◆ INPUT FOR THIS TASK
Segment Open
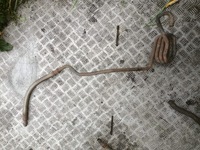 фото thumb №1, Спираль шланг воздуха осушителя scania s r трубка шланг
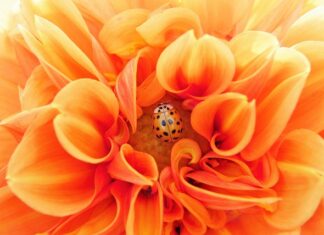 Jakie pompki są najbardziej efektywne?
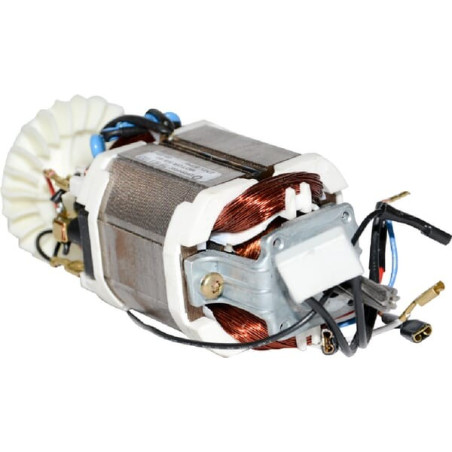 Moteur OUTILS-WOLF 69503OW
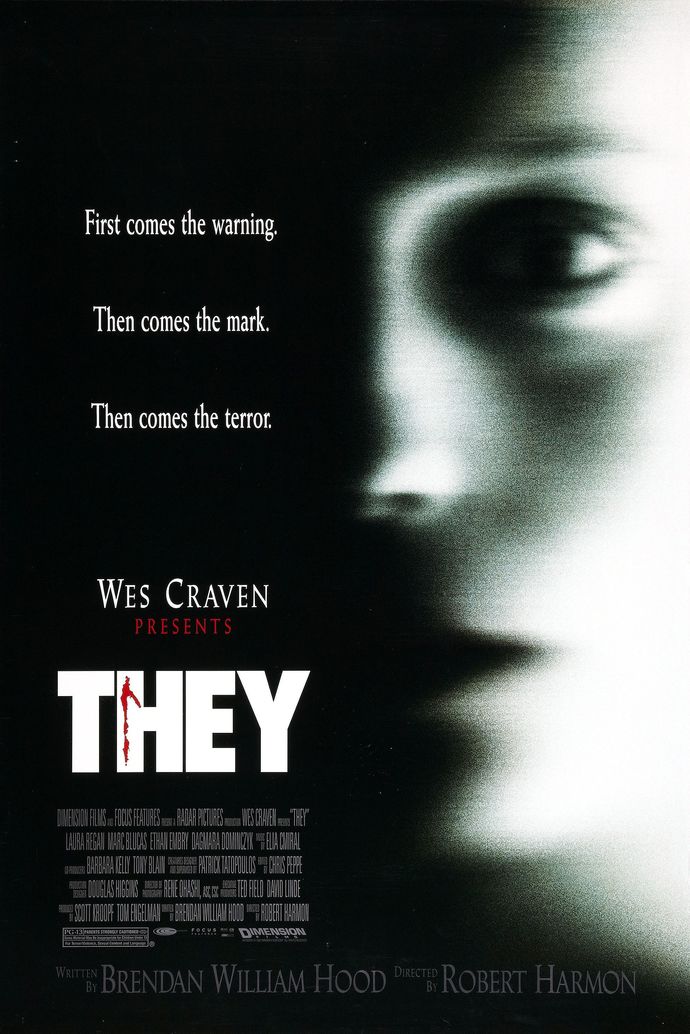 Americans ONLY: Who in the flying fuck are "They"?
Segment Closed
Segment Open
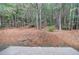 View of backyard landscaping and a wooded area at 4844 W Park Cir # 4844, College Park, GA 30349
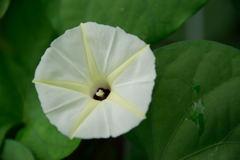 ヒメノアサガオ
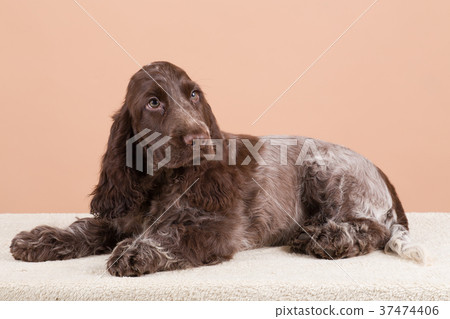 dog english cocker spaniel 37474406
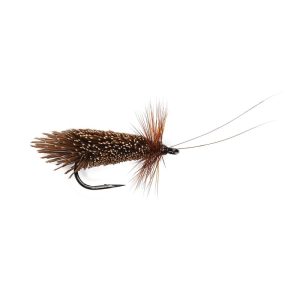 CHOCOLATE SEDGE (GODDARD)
Segment Closed
Segment Open
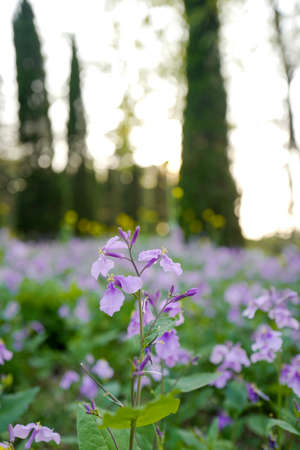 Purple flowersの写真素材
Segment Closed
◆ WHAT IS REQUIRED
Find the line with "фото thumb №1, Спираль" and the line with "Americans ONLY: Who" in the records above. Copy both and all lines between them exactly, without pictures.

◆ RESPONSE
 фото thumb №1, Спираль шланг воздуха осушителя scania s r трубка шланг
 Jakie pompki są najbardziej efektywne?
 Moteur OUTILS-WOLF 69503OW
 Americans ONLY: Who in the flying fuck are "They"?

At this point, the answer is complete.